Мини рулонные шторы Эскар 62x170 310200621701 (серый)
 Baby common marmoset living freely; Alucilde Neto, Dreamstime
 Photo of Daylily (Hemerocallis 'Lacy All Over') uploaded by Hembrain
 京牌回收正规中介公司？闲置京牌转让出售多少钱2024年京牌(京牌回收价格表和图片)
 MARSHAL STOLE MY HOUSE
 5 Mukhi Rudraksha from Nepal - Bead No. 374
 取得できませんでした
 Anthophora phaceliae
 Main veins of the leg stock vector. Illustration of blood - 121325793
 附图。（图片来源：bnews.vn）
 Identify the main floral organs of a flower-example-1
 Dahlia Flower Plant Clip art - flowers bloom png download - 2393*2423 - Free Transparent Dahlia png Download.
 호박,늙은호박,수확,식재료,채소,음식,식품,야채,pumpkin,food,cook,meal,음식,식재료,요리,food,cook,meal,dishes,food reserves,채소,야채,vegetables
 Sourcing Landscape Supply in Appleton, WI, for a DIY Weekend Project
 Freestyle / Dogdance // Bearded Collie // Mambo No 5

◆ ◆ ◆

Task instructions:
Retype each line of the listing exactly as it was given above.

Final answer:
Мини рулонные шторы Эскар 62x170 310200621701 (серый)
 Baby common marmoset living freely; Alucilde Neto, Dreamstime
 Photo of Daylily (Hemerocallis 'Lacy All Over') uploaded by Hembrain
 京牌回收正规中介公司？闲置京牌转让出售多少钱2024年京牌(京牌回收价格表和图片)
 MARSHAL STOLE MY HOUSE
 5 Mukhi Rudraksha from Nepal - Bead No. 374
 取得できませんでした
 Anthophora phaceliae
 Main veins of the leg stock vector. Illustration of blood - 121325793
 附图。（图片来源：bnews.vn）
 Identify the main floral organs of a flower-example-1
 Dahlia Flower Plant Clip art - flowers bloom png download - 2393*2423 - Free Transparent Dahlia png Download.
 호박,늙은호박,수확,식재료,채소,음식,식품,야채,pumpkin,food,cook,meal,음식,식재료,요리,food,cook,meal,dishes,food reserves,채소,야채,vegetables
 Sourcing Landscape Supply in Appleton, WI, for a DIY Weekend Project
 Freestyle / Dogdance // Bearded Collie // Mambo No 5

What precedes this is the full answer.